-- EXERCISE DETAILS --
Repeat the stretch of entries below from the line with "26 Spruce Lane" through the line with "18832 Damasco, La Puente, CA 91744". Include both ends and add nothing.

-- MATERIAL SHOWN --
-- -- --

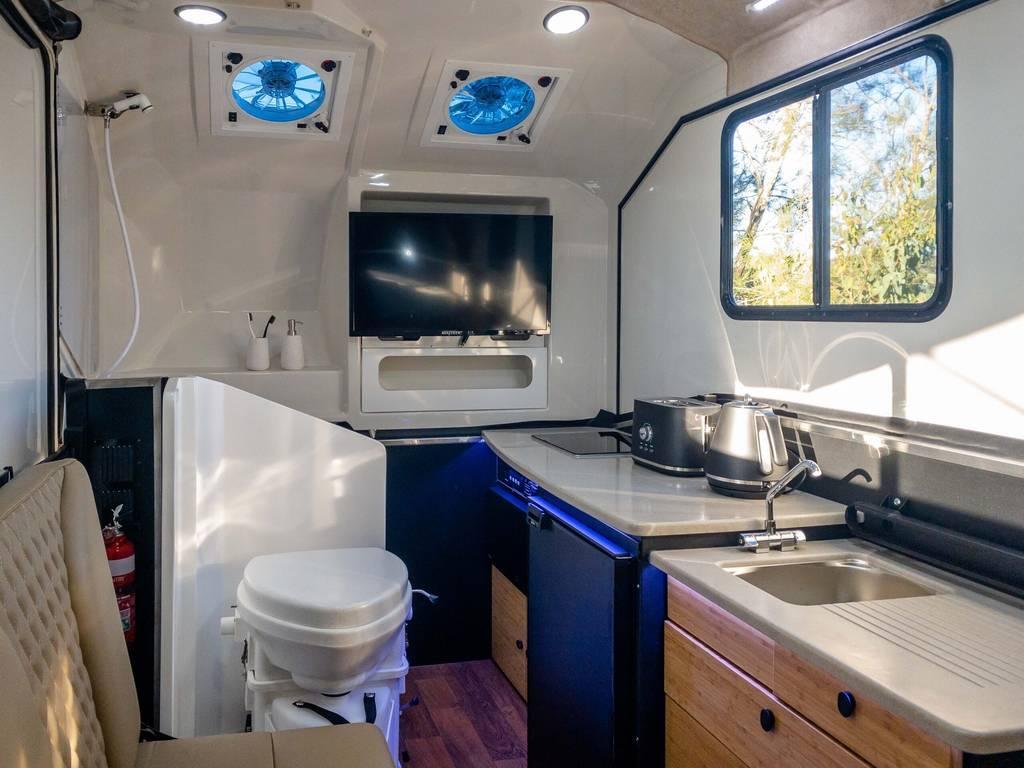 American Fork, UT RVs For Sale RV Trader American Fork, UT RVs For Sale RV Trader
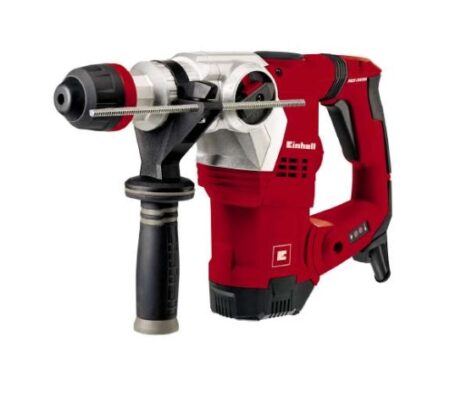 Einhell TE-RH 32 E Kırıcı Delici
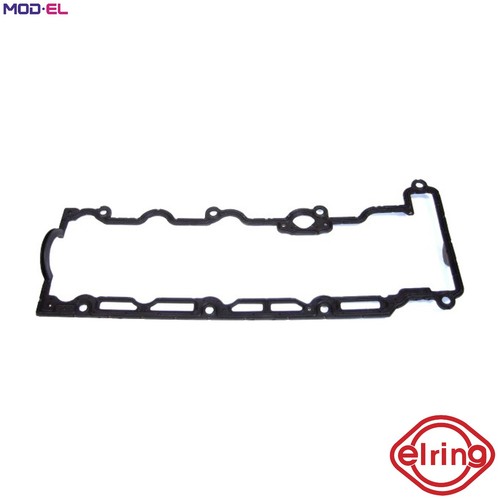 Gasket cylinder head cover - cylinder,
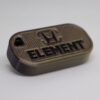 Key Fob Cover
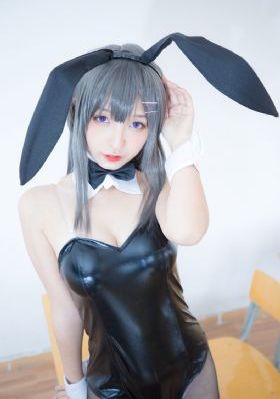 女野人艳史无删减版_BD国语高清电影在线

-- -- --

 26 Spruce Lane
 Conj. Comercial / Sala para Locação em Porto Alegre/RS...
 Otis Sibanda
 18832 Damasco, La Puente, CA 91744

-- -- --

-- ANSWER AREA --
 26 Spruce Lane
 Conj. Comercial / Sala para Locação em Porto Alegre/RS...
 Otis Sibanda
 18832 Damasco, La Puente, CA 91744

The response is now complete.